**WHAT THE EXERCISE ASKS:** Return the listing exactly, please; no pictures.

**GIVEN INFORMATION:**
+++
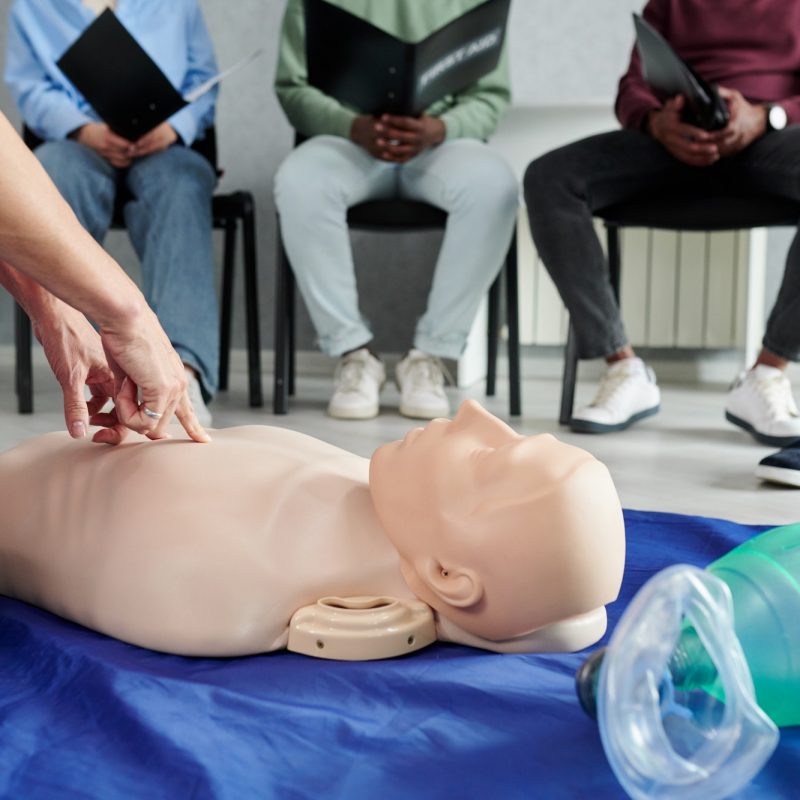 Instructor teaching first aid cardiopulmonary resuscitation course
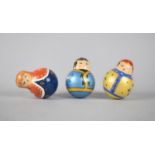 A Set of Three Vintage Russian Figural Painted Roly Poly Chime Dolls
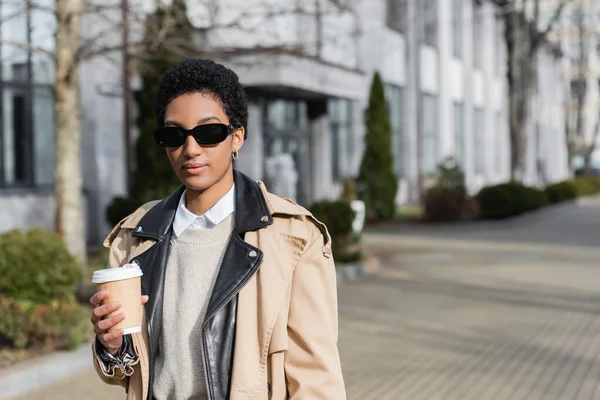 Jeune femme d'affaires afro-américaine avec des lunettes de soleil élégantes et un trench coat beige tenant une tasse en papier sur la rue floue de la ville — Photo de stock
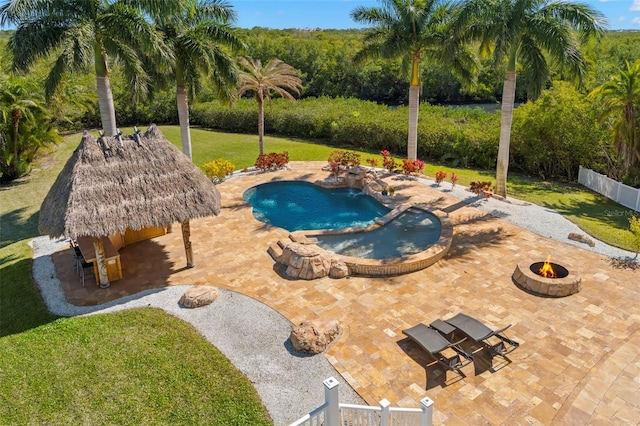 view of pool featuring a yard, an outdoor bar, a patio, an outdoor fire pit, and a gazebo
+++
**TASK SOLUTION:**
 Instructor teaching first aid cardiopulmonary resuscitation course
 A Set of Three Vintage Russian Figural Painted Roly Poly Chime Dolls
 Jeune femme d'affaires afro-américaine avec des lunettes de soleil élégantes et un trench coat beige tenant une tasse en papier sur la rue floue de la ville — Photo de stock
 view of pool featuring a yard, an outdoor bar, a patio, an outdoor fire pit, and a gazebo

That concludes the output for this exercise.